Victor is a traditional plant practitioner, as well as a visual artist, writer, hip hop artist, with a strong interest in her roots.
She’ll be sharing a blend of traditional Sto:lo tea with visitors at the opening. It is Labrador tea, made from leaves she gathered herself.
“It’s a popular day to day tea because it’s so mild. We call it moqwem,” Victor said. “It’s becoming really hard to find in the Fraser Valley because it grows in bogs, and we’ve seen wetlands decrease.”
She’ll be adding some dried rosehips to the tea, which were grown outside the shop, for added vitamin C.
Some of her artwork is featured in the shop from a book on the Oregon Spotted Frog, called Shy frog, to Chickadee Sunset prints in brilliant orange, to her rainbow inspired T-shirt design of Chilliwack Mountain called Finding Violet.
The tea will be served at the grand opening celebrations, along with bannock, but will not be for sale.
The timing is also in time for the holidays, with one of a kind items going on the shelves from local Sto:lō artisans as well as gift products, books, housewares, blankets, ties, scarves and other images from aboriginal artists from around B.C. The two-day Grand Opening will include a Sto:lō traditional welcome and ribbon cutting ceremony at 2 p.m. on Friday, November 28, and then opportunities for visitors to experience Sto:lō culture, history and art.

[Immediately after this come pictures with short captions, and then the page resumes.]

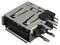 MOLEX 67329-8020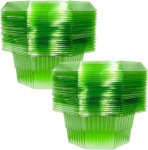 YeahBoom Taimekaitse vormid tigude eest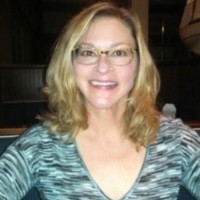 Christine Buckendahl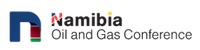 Namibia oil logo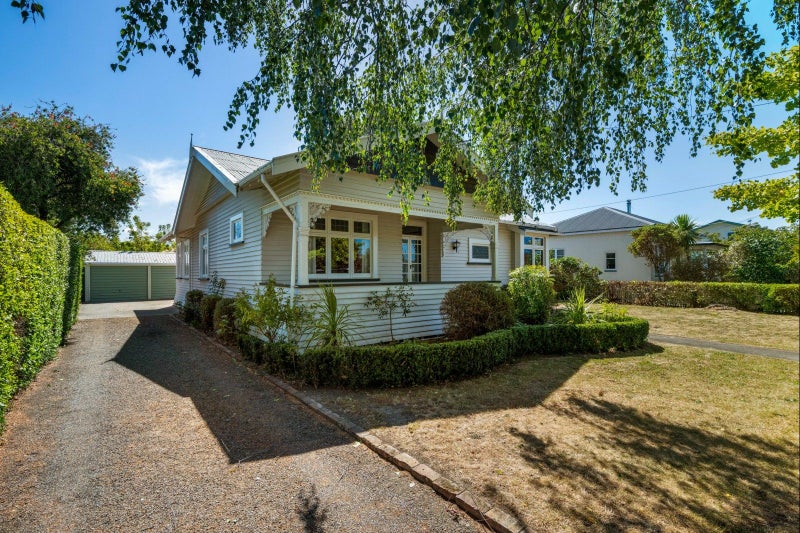 108 Arthur Street, Blenheim - Carousel 2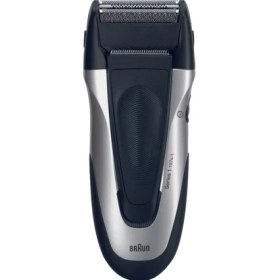 Resim Braun 1 Serisi Tıraş Makinesi 197s-1 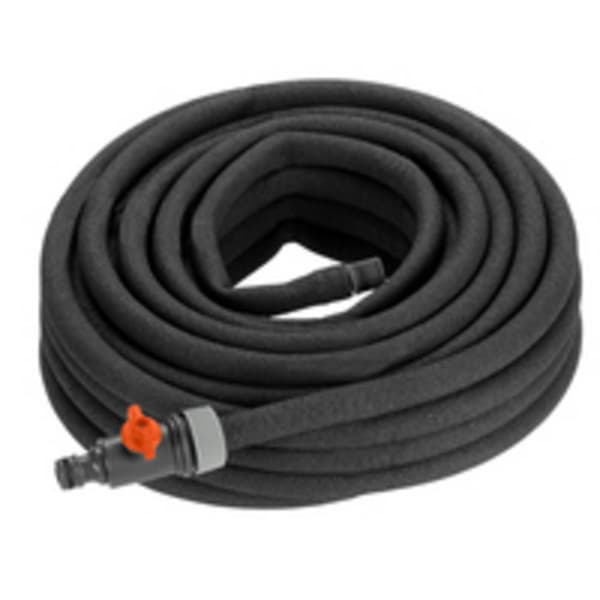 Pärlvattensprinkler, med rörkoppling, 7,5 m GARDENA 01968-20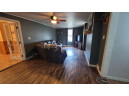 11577 Kluckhohn St, Stitzer, WI 53825-9710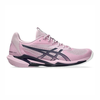Asics SOLUTION SPEED FF 3-1042A250-700-Giày tennis piclle ball nữ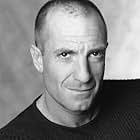 Playing for Keeps (1986)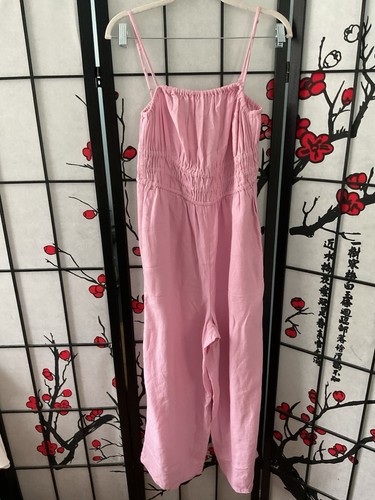 Tuta donna cami old navy - tuta,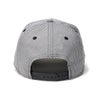 ニューエラ ゴルフ Houndstooth 940 帽子 NEW ERA GOLF gf940afop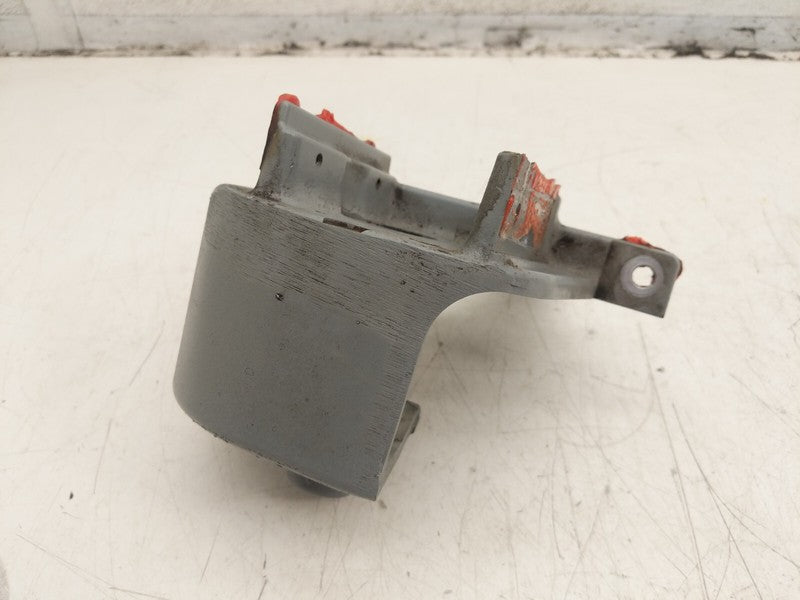 ⭕ 12-20 Model S Front Passenger Side Motor Mount Right RH - Dual Motor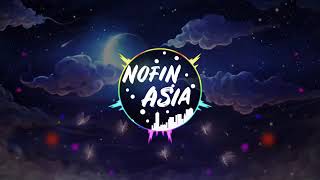 Download lagu Dj harusnya aku yang disana mp3 Download lagu Dj harusnya aku yang disana mp3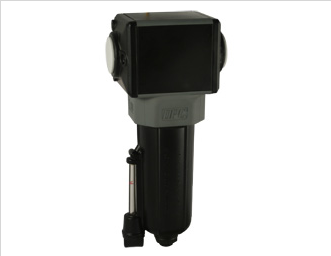 DPC过滤器PAL300 DPC过滤器PAL300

On both days, the Sto:lō Gift Shop will feature cultural tours at 1 p.m., cedar bracelet making at 2:30 p.m., Sto:lō Film Screening at 3 p.m., Salish Weaving on a traditional loom at 4 p.m. and Bannock with jam and Traditional Sto:lō tea throughout the day. A fashion show with Lyn Kay Peters and Nikki LaRock is set for Friday November 28 at 7 p.m. as a part of the opening celebrations.

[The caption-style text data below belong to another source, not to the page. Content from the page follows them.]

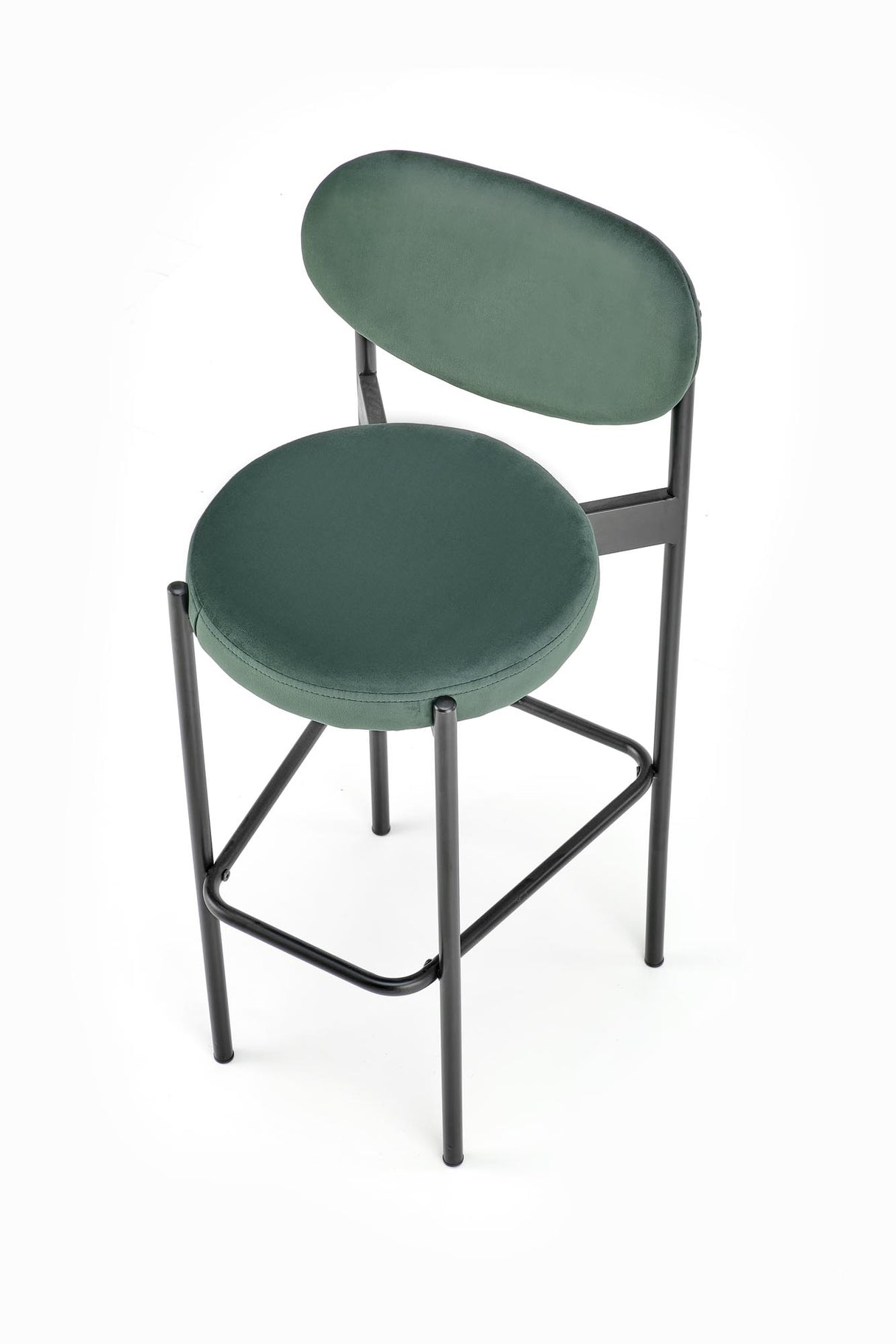 Bar Stool HA4990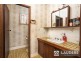552 Old Bar Road, Old Bar NSW 2430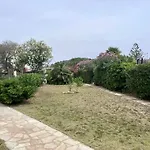 Vele 6 By La Via Del Mare Viaggi E Vacanze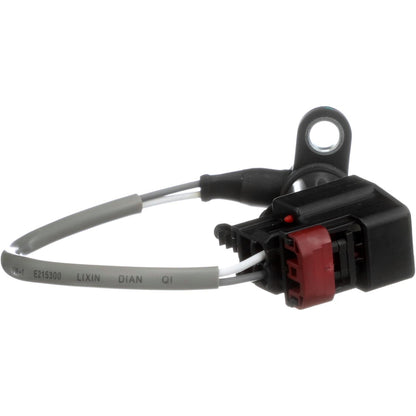 Intermotor Engine Camshaft Position Sensor PC702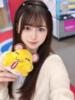 みなも 姫コレクション（/）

The building which houses the gift shop and interpretive centre was originally designed like a traditional long house, with slanted rooflines and cedar plank siding.
Guests can enter at the gift shop throughout the two days and a winner will be selected by random draw at closing on Saturday.
The Sto:lō Gift Shop will be open Thursdays through Saturdays from 10:00 a.m. to 5:30 p.m. during the Christmas season for unique cultural gifts. The shop is on the Sto:lo Nation site, at the back of the grounds, at 19-7201 Vedder Road.